## THE TASK
Nothing but the lines below from the one that contains "Life on the" through the one that contains "seeds and thread." should be retyped, exactly and including both ends. Do not include pictures.

## SUPPLIED INFORMATION
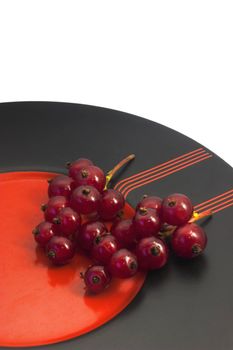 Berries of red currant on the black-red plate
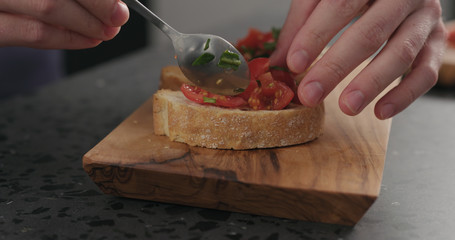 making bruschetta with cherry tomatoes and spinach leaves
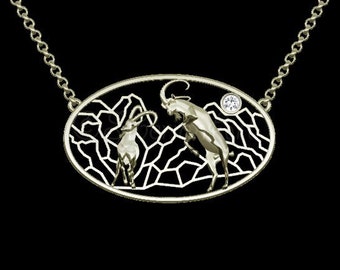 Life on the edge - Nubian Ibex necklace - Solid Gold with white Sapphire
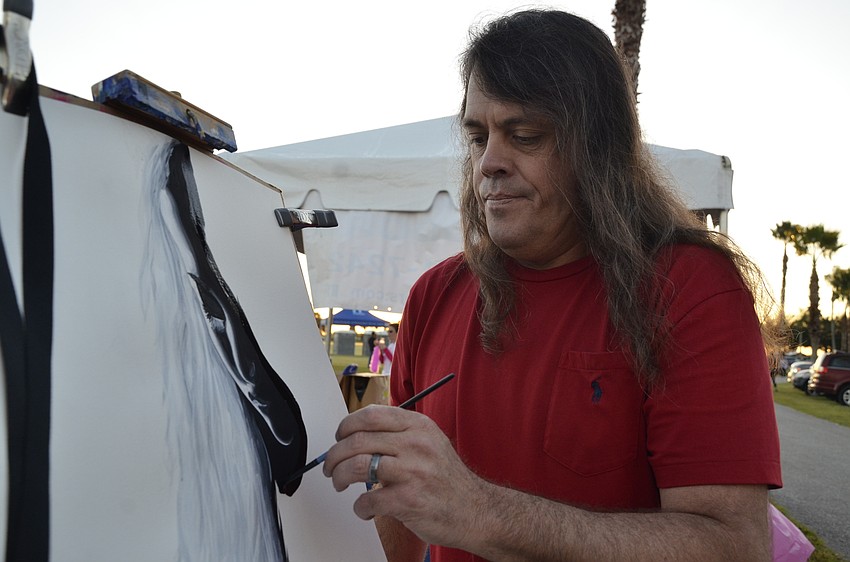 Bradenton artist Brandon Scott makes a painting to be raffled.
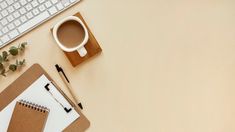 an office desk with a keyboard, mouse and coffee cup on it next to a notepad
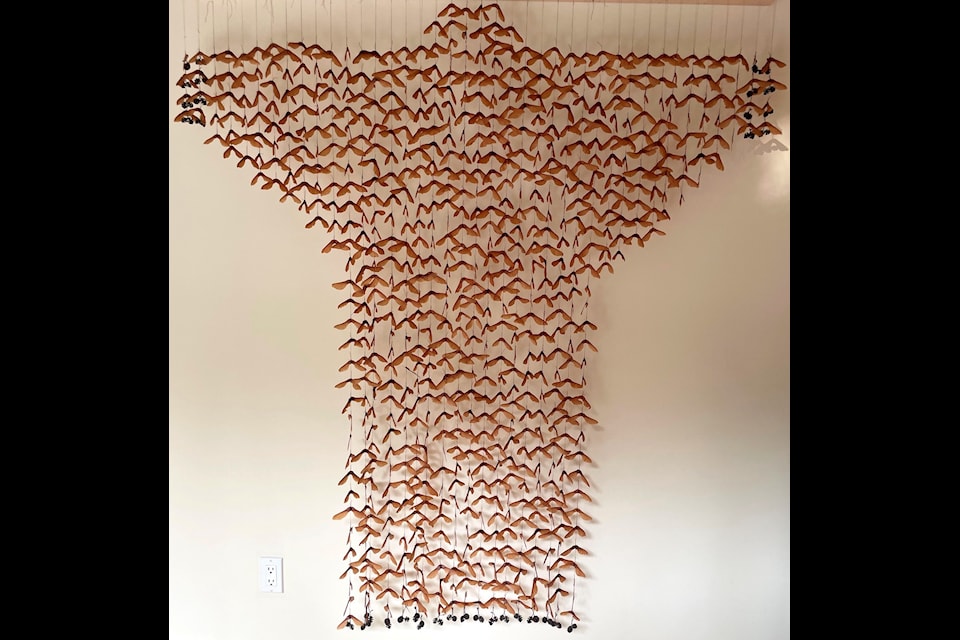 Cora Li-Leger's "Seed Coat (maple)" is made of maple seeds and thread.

* * *

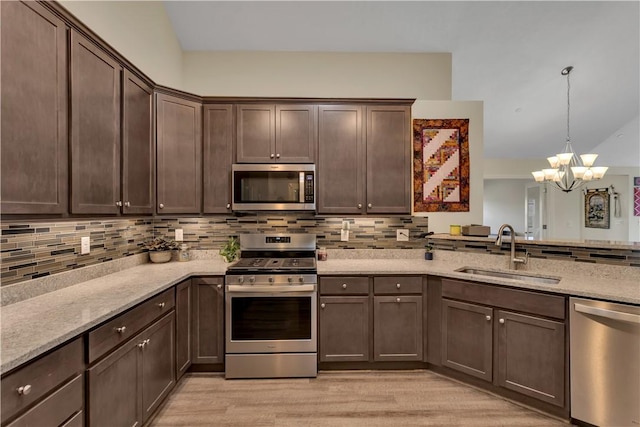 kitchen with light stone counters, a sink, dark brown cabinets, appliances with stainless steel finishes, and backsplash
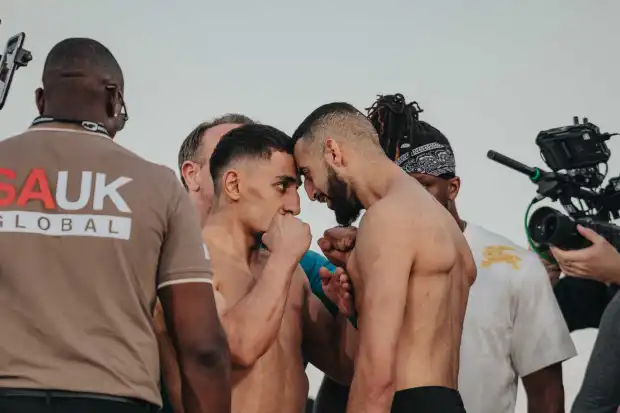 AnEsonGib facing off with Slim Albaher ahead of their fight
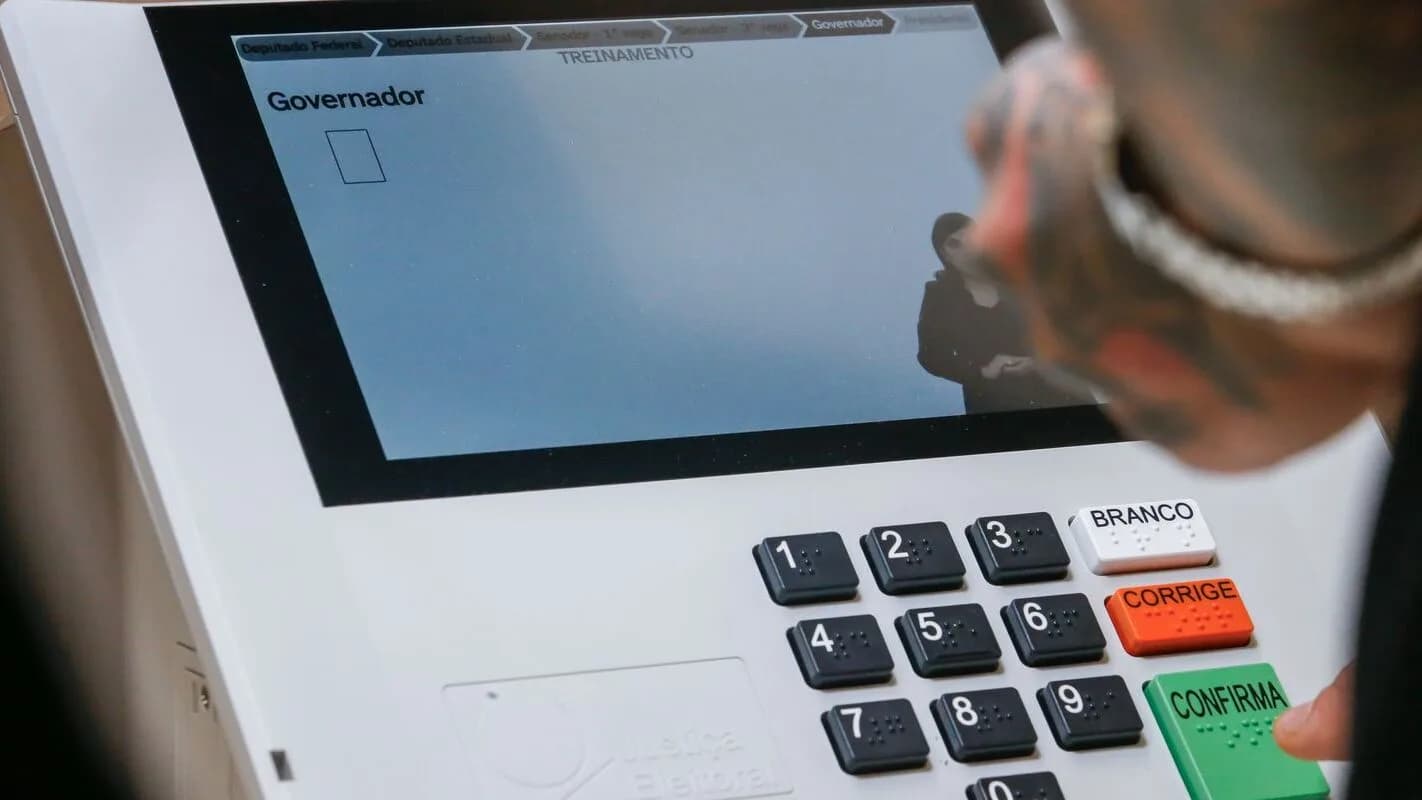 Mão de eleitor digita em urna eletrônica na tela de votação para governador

---

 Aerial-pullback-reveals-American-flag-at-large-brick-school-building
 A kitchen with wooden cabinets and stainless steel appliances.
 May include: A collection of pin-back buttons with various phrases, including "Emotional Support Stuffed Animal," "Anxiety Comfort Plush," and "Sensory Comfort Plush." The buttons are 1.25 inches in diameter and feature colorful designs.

## EXERCISE RESPONSE
 Life on the edge - Nubian Ibex necklace - Solid Gold with white Sapphire
 Bradenton artist Brandon Scott makes a painting to be raffled.
 an office desk with a keyboard, mouse and coffee cup on it next to a notepad
 Cora Li-Leger's "Seed Coat (maple)" is made of maple seeds and thread.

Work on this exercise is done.